Ainda segundo a reportagem, "aos poucos, o Opus Dei foi encontrando
os seus aliados na direita universitária. Entre os primeiros estavam
dois jovens promissores: Ives Gandra e Carlos Alberto Di Franco, o
primeiro simpático ao monarquismo e candidato derrotado a deputado;
o segundo, um secundarista do Colégio Rio Branco, dos rotarianos do
Brasil. Ives começou a freqüentar as reuniões do Opus Dei em 1963;
Di Franco `apitou' (pediu para entrar) em 1965. Hoje, a organização
diz ter no país pouco mais de três mil membros e cerca de quarenta
centros, onde moram aproximadamente seiscentos numerários".
Crescimento na ditadura
Durante a ditadura, a seita também concentrou sua atuação no meio
jurídico, o que rende frutos até hoje. O promotor aposentado e ex-
deputado Hélio Bicudo revela ter sido assediado duas vezes por
juízes fiéis à organização.

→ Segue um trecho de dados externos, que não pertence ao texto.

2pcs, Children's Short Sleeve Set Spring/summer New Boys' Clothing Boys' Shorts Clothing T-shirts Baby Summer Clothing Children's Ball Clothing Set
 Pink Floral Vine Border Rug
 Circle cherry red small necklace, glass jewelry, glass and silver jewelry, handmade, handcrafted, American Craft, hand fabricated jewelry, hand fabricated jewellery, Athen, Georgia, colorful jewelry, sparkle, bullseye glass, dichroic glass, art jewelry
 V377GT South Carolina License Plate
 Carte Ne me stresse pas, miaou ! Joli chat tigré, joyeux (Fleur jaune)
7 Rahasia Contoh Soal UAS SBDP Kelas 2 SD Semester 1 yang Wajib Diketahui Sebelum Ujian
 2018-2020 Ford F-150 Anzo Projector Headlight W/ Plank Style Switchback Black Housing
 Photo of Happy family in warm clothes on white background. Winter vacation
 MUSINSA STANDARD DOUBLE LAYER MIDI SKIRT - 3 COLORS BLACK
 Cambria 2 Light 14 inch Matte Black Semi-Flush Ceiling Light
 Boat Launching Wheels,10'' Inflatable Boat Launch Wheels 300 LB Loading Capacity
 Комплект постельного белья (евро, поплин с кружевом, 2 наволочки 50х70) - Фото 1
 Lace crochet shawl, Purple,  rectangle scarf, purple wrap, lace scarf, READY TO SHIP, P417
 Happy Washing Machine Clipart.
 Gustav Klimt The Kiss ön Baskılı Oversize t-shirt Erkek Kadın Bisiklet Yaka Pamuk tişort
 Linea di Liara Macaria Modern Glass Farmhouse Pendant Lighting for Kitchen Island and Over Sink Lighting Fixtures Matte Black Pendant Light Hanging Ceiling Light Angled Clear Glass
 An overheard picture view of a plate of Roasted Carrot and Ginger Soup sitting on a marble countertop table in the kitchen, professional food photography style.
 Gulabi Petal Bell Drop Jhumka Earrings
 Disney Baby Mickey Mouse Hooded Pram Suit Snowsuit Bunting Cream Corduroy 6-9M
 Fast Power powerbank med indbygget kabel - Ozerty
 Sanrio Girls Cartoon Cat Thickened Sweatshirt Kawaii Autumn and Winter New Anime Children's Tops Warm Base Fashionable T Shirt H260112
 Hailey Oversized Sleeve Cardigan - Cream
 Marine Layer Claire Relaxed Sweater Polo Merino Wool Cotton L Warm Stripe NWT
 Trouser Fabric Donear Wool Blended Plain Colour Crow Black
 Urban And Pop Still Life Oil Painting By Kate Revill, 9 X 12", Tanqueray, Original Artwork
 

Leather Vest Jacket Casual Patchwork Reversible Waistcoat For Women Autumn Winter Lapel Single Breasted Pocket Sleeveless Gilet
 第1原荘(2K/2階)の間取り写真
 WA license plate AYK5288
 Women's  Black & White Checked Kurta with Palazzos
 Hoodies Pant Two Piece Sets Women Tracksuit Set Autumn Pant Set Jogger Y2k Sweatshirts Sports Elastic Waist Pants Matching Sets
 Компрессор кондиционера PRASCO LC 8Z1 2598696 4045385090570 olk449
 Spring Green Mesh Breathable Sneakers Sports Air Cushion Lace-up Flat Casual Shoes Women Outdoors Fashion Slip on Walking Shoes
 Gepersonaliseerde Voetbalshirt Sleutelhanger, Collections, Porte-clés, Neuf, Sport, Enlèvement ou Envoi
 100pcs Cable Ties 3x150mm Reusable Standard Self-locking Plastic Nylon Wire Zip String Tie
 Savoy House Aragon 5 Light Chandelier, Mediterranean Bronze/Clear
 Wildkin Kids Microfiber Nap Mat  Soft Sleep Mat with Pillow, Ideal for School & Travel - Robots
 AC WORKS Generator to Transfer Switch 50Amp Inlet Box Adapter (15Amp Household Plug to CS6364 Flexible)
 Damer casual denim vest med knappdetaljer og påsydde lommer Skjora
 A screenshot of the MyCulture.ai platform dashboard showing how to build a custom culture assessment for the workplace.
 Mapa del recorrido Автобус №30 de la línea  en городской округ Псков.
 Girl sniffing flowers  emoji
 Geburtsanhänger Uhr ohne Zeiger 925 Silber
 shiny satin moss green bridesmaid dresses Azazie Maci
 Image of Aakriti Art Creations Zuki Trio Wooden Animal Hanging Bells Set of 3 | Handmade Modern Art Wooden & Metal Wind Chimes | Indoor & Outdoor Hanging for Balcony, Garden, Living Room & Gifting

O expoente nesta fase foi José Geraldo
Rodrigues Alckmin, nomeado ministro do STF pelo ditador Garrastazu
Médici em 1972, e tio do candidato tucano a presidência em 2006. Até
os anos 70, porém, o poder do Opus Dei era embrionário. Ele tinha
quadros em posições importantes, mas sem uma atuação coordenada.
Além disso, dividia com a Tradição, Família e Propriedade (TFP) as
simpatias dos católicos de extrema direita.
Seu crescimento dependeu da benção dos generais e dos vínculos com
poderosas empresas. Ives Gandra e Di Franco viraram os
seus "embaixadores"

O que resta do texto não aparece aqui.